Human and chimp genomes also differ from one another by small insertions and deletions -- about one seventh as many differences as single-base substitutions. Since each difference includes more than a single base (on average), the total amount of sequence that differs is larger than the total difference caused by single-base substitutions. And once again, the human-chimp difference is consistent with what we would expect, based on the observed number of small insertion and deletion mutations in humans.

Human and chimp genomes also differ from one another by large structural changes: duplications or (less commonly) deletions of large sections of sequence in a single mutation, or the flipping of a big chunk of sequence in a single event. These are far more rare than substitutions, but they account for a lot more sequence. And once again, when we look just at the differences between human genomes, we find these kinds of differences to be much more rare, but to involve a lot more sequence than single-base substitutions.

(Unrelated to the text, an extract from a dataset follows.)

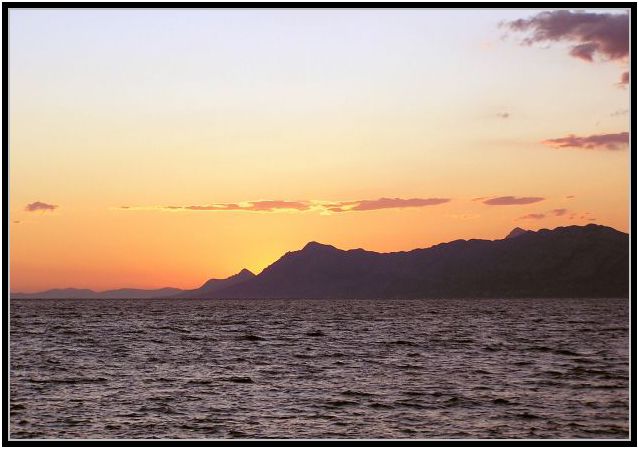 Zapad slunce v Makarske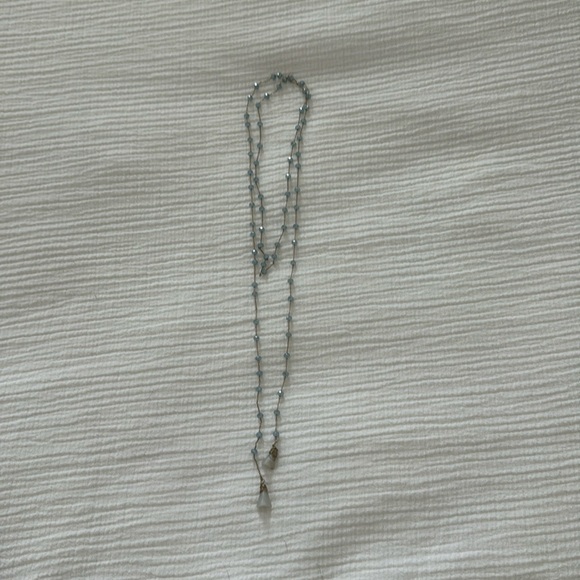 Necklace with blue beads - Picture 1 of 3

Nothing in recent studies of human and ape genomes has provided even the tiniest whiff of evidence against the long-standing scientific conclusion that humans and chimpanzees share a common ancestor. Anyone who tells you otherwise doesn't understand the data or is lying to you.


The biological similarity between humans and apes can just as easily
be explained as the mark of common design of a common creator.
We should expect living things to share similarities if they share a
design and an infinitely wise and creative Designer.
A common designer really doesn't explain the actual patterns we see when we compare genomes.